Interview with Natasha Allden, Recyclus NED
Lindsay Chathli speaks to Natasha Allden, non-executive director at Recyclus Group (49% owned by Technology Minerals Plc)
“You’ve got to be prepared for things to fail and that can hurt, you’ve got to be brave– and you’ve got to remember why you’re doing it”
From starting up her first digital company aged 21 to working on the British Land Speed Record and developing space rockets – along with more earth-bound pursuits - Recyclus non-executive director Natasha Allden has always used tech to push the boundaries of the possible.
In her teens, Natasha trekked the Atlas Mountains and her interests range from writing poetry to fly-fishing. What did I expect on meeting her (on Zoom)? A cross between a buccaneer and Elon Musk’s much younger sister? The reality was more nuanced and – well, impressive. For instance, she also enjoys painting – and yes, long walks in the country. Nevertheless, one of her core professional mottos would have to be: “Be bold.”
Natasha joined Recyclus in May 2021 with an impressive track record. Globally, she founded three tech companies, and worked as a digital and commercial strategist in the corporate FTSE 100 sector. Her achievements include cashless campuses and commercialising rocket engines. Why has technology been such a big thing for her?
“From working on the digital side, in FTSE 100, insurance, financial and energy companies, I was drawn to the latest in applications, CX, systems of systems and more, I realised what tech could do for companies, for individuals,” she says.
“And that has sort of been an underpinning value for me. It’s not the technology per se but what it can enable.”
Natasha joined the Board of Recyclus last May, bringing her expertise in commercialisation, tech transfer and government relations. She has always looked for original ways to re-purpose new and existing technology. She founded MULTIPLY in 2015 to help unlock the value of people and technology, maximise growth and generate revenue through new markets, models and applications.
“Business-to-business technology transfer is about constantly looking for new applications. ‘How can we use what we’ve got today for impact elsewhere?’ ‘Should we be using this rocket engine just in rockets? Could we, for example, use it in hydro-electric power?’” she says.

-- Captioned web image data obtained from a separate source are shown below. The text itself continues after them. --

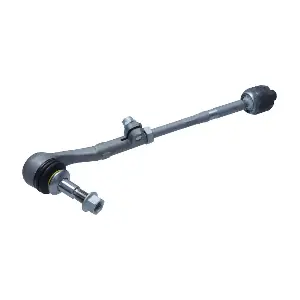 69-0956 MAXGEAR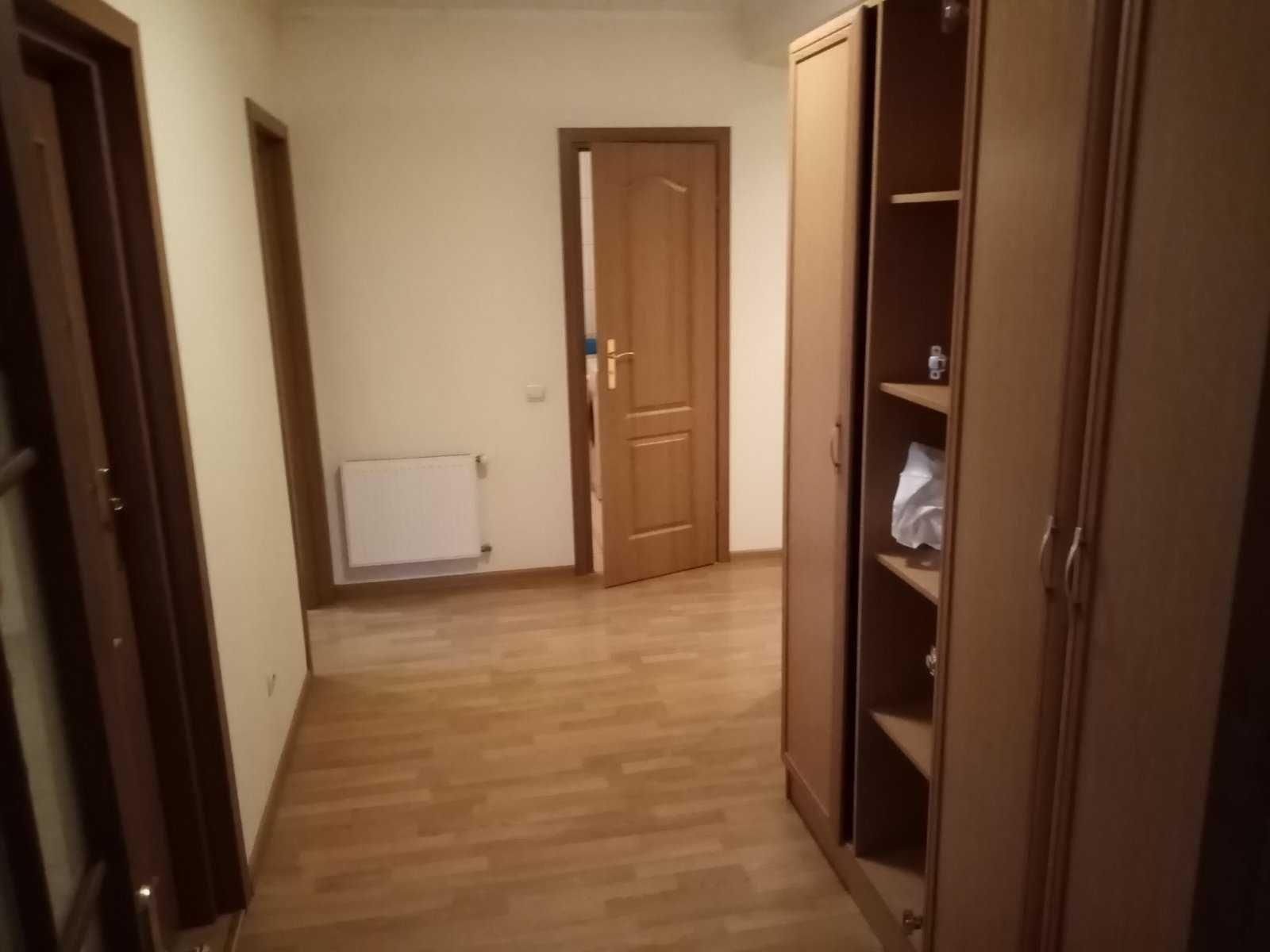 Оренда 2-кімнатної квартири в районі Каскаду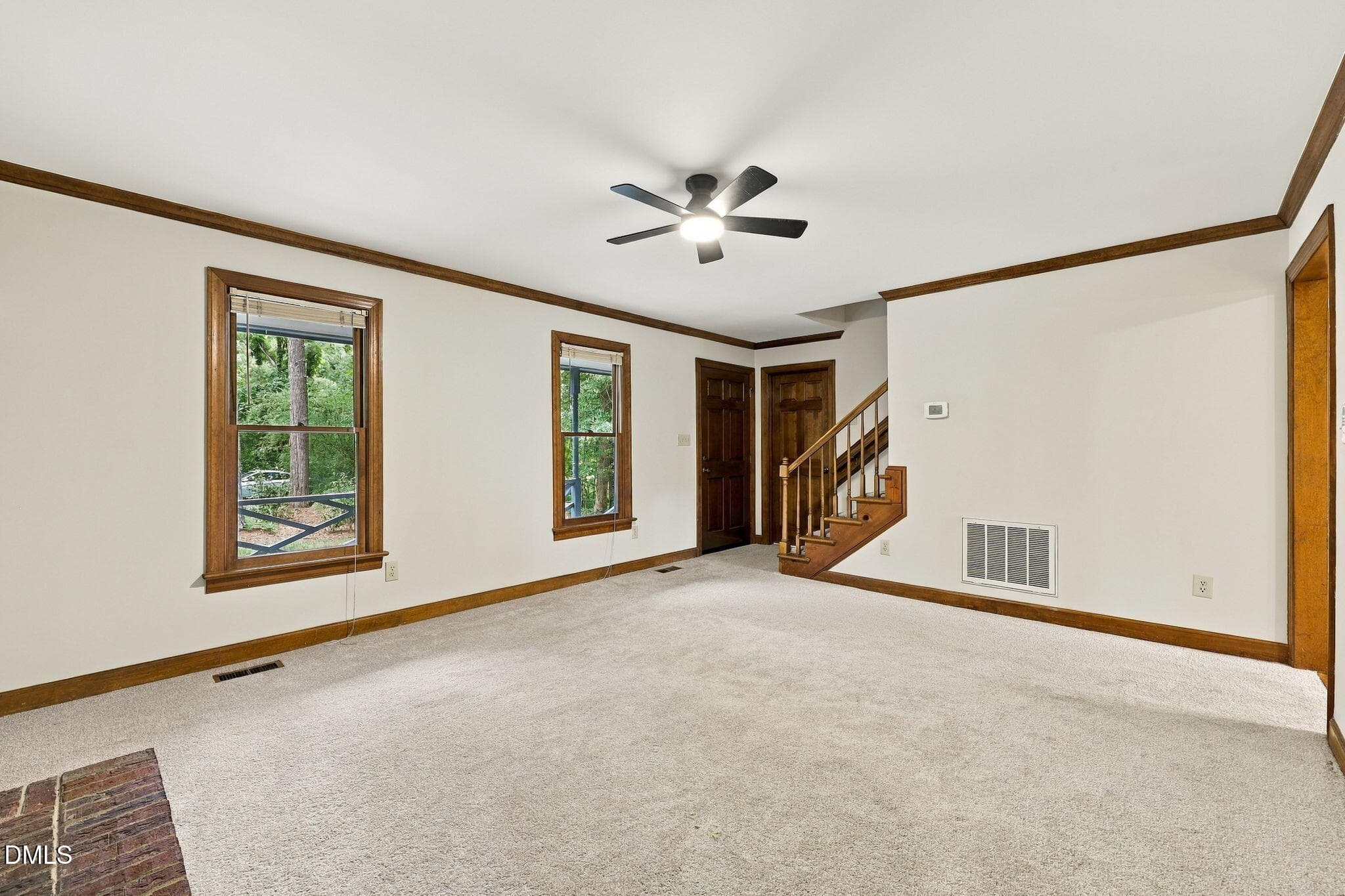 30-web-or-mls-IMG_0027 - 1301 Raybon Drive, Wendell, NC 27591, Wendell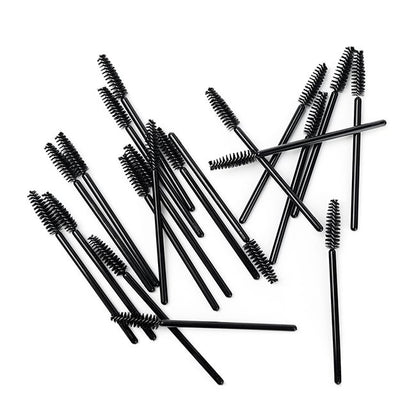 Cepillo tipo máscara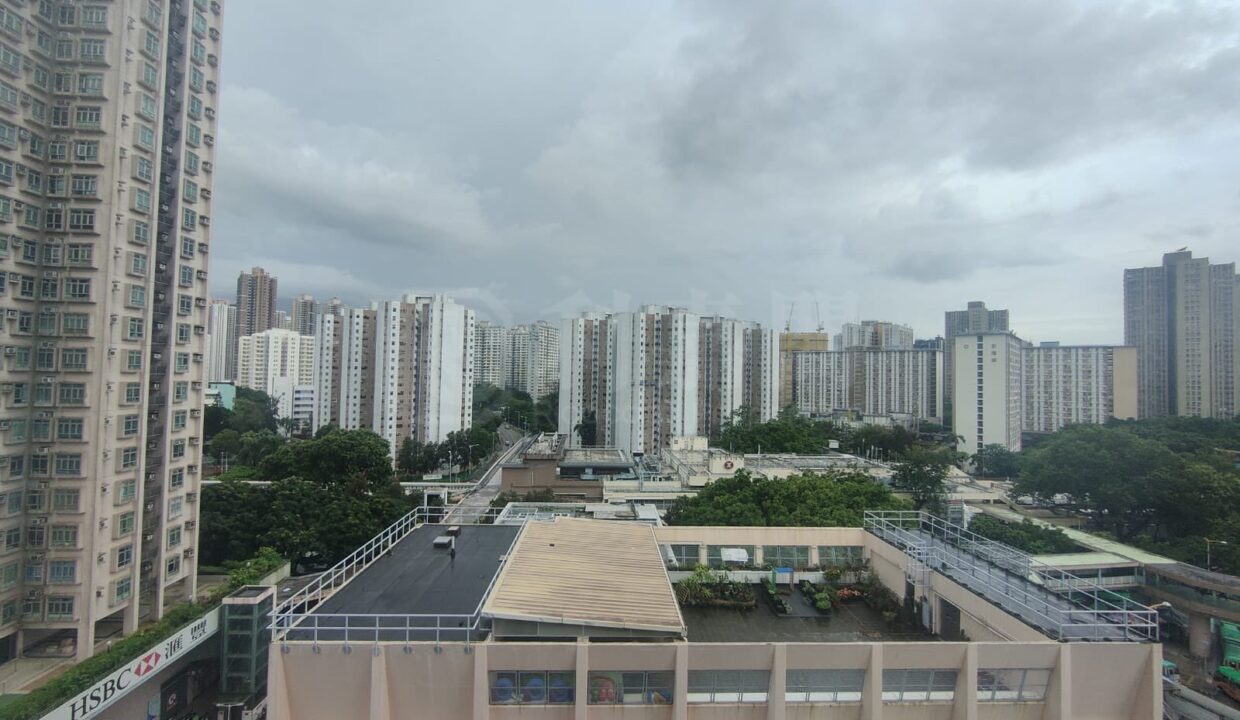 6d0d97e4-7204-493a-82bf-c9c13a161e7b.jpeg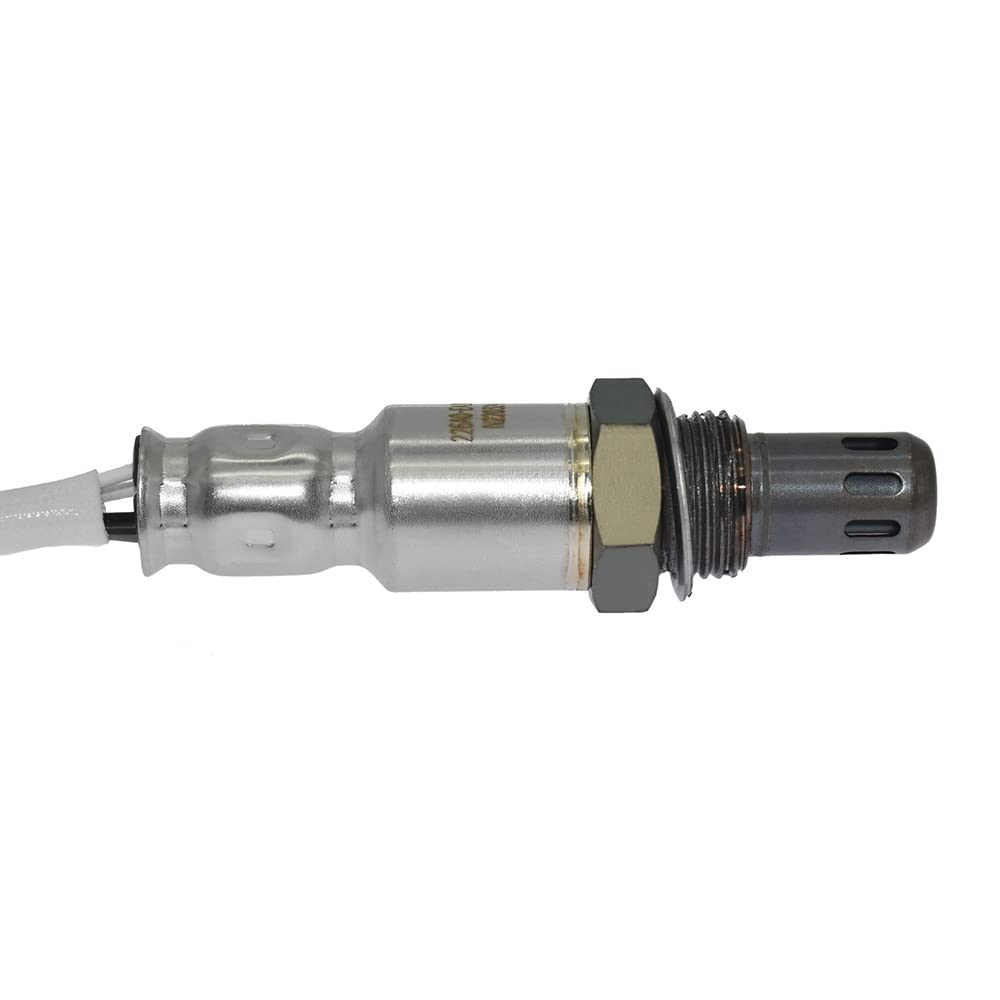 wholesale Oxygen Sensor 226A0-EA210 226A0-EA200 For Nissan Xterra 2007 6 cilindros 4.0LFrontier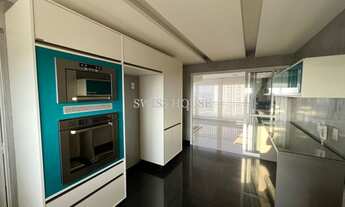 Imagem 6: Apartamento - Parque Prado - Campinas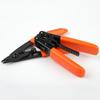 Weiyingtong Fiber Optic Installation & Splicing Tools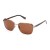 Guess GU00117S 08E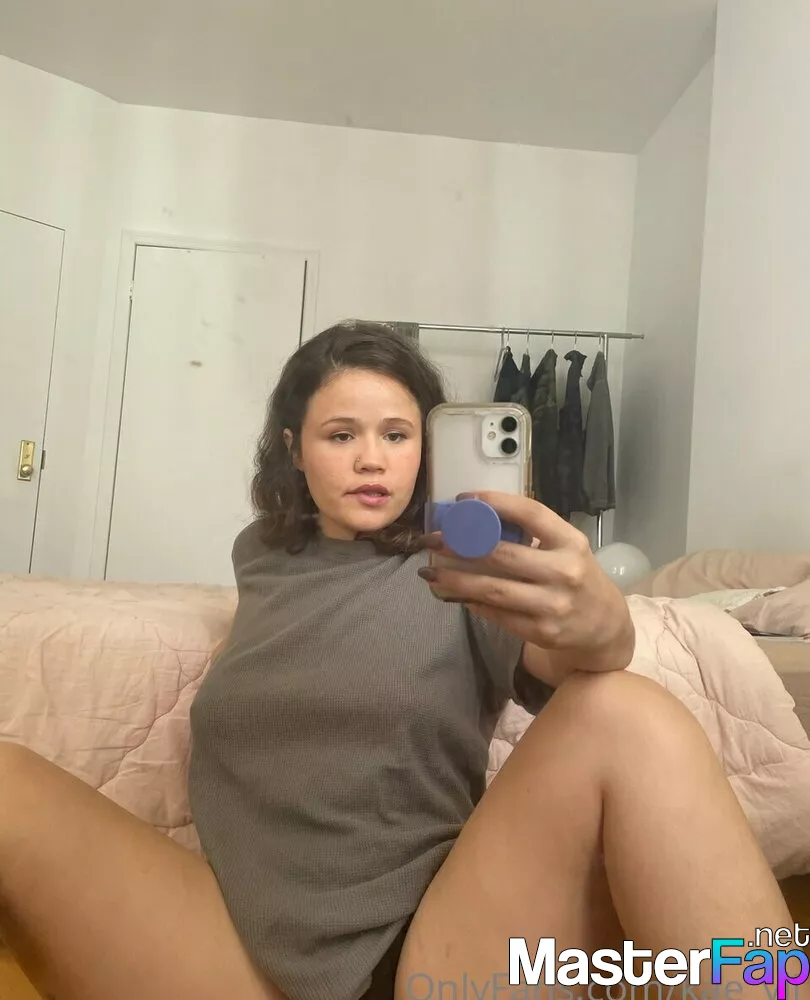 Yhivi onlyfans leaked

Recyclus is 49% owned by Technology Minerals, the first listed company in the UK to create a circular economy for batteries, re-purposing scarce materials from spent batteries to create new products and value. Amid the Government’s drive to Net-Zero and abolishing non-electric vehicles by 2035, how to obtain raw materials for EV batteries and what to do with all the dead batteries (of which currently a significant proportion of lead-acid alone are incinerated in the UK) are crucial issues for businesses and policy makers. Recyclus delivers end-to-end battery recycling – for example, its new lead-acid battery recycling plant in Tipton, will increase its recycling production capacity from 16,000 to 80,000 tonnes by 2027.
The attraction of Recyclus, using technology and innovation to solve real-world problems, is perhaps easy to understand. Before joining the Recyclus Board, Natasha was involved in looking at the commercial model, how it could be pitched to investors, where it was going.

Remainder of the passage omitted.